[TASK DIRECTIONS] Could you retype all of the entries exactly, without their pictures?

########################################

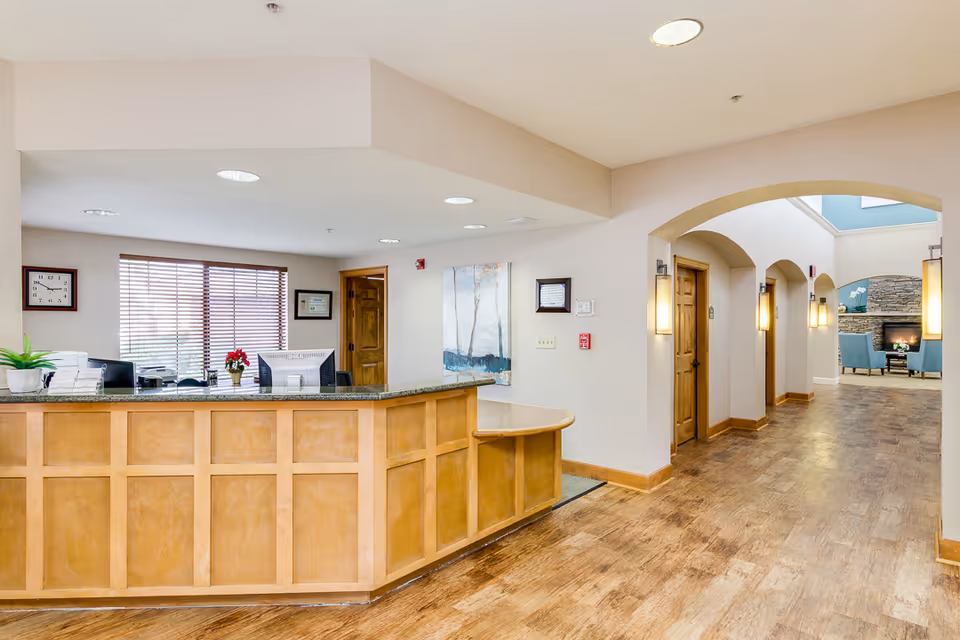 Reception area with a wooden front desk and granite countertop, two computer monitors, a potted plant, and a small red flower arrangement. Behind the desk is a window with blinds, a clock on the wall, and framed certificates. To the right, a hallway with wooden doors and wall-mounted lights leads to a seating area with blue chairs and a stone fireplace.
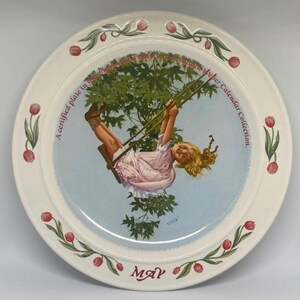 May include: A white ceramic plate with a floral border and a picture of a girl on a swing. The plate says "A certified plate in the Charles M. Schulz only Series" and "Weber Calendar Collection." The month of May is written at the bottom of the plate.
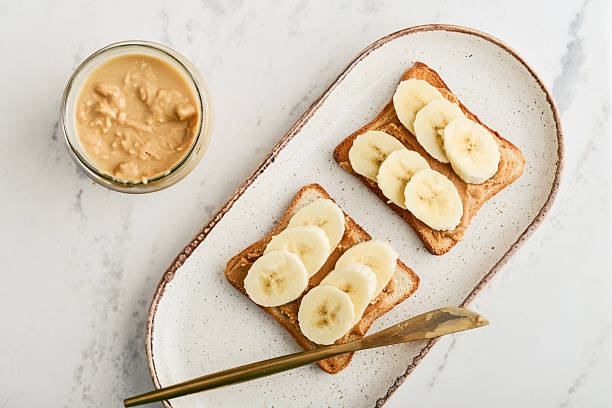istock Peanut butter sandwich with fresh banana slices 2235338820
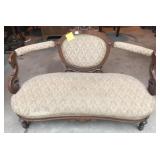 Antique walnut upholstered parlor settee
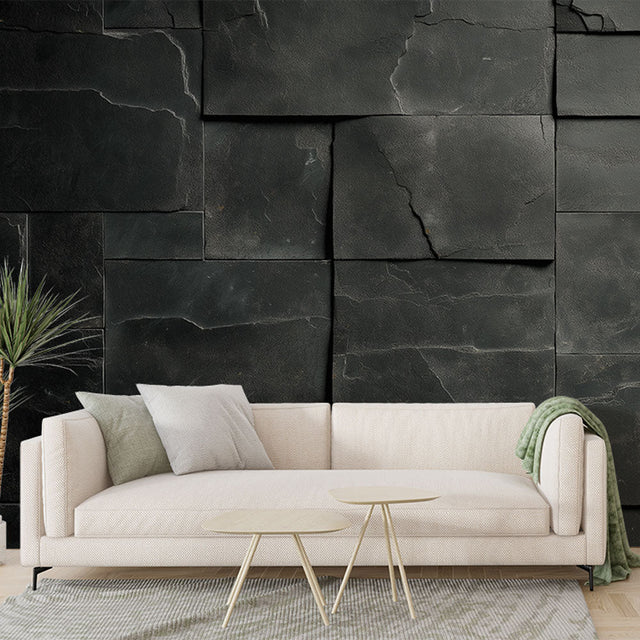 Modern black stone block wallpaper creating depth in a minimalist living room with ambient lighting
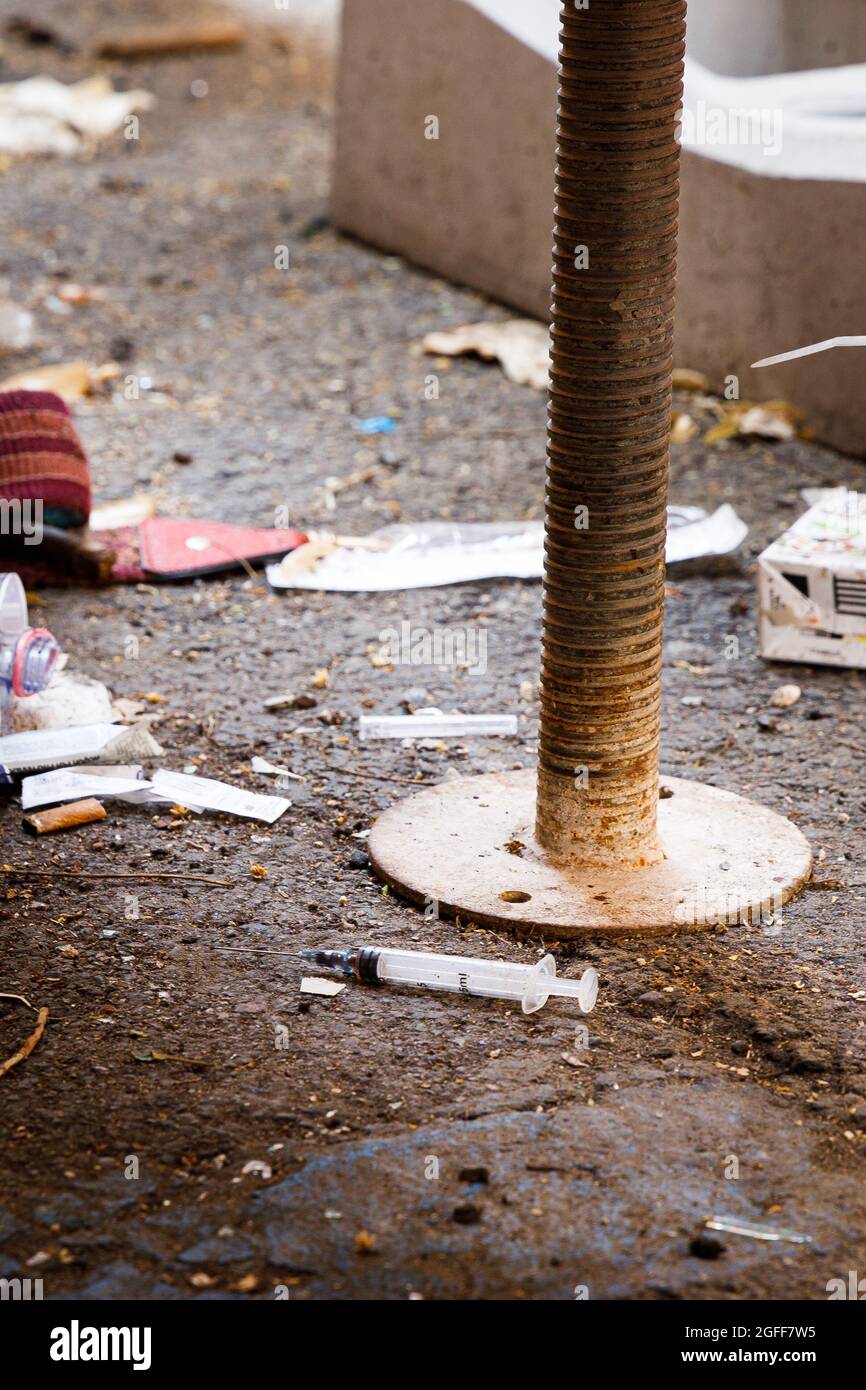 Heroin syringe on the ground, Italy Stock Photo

########################################

[SOLUTION TO THIS EXERCISE]
 Reception area with a wooden front desk and granite countertop, two computer monitors, a potted plant, and a small red flower arrangement. Behind the desk is a window with blinds, a clock on the wall, and framed certificates. To the right, a hallway with wooden doors and wall-mounted lights leads to a seating area with blue chairs and a stone fireplace.
 May include: A white ceramic plate with a floral border and a picture of a girl on a swing. The plate says "A certified plate in the Charles M. Schulz only Series" and "Weber Calendar Collection." The month of May is written at the bottom of the plate.
istock Peanut butter sandwich with fresh banana slices 2235338820
 Antique walnut upholstered parlor settee
 Modern black stone block wallpaper creating depth in a minimalist living room with ambient lighting
 Heroin syringe on the ground, Italy Stock Photo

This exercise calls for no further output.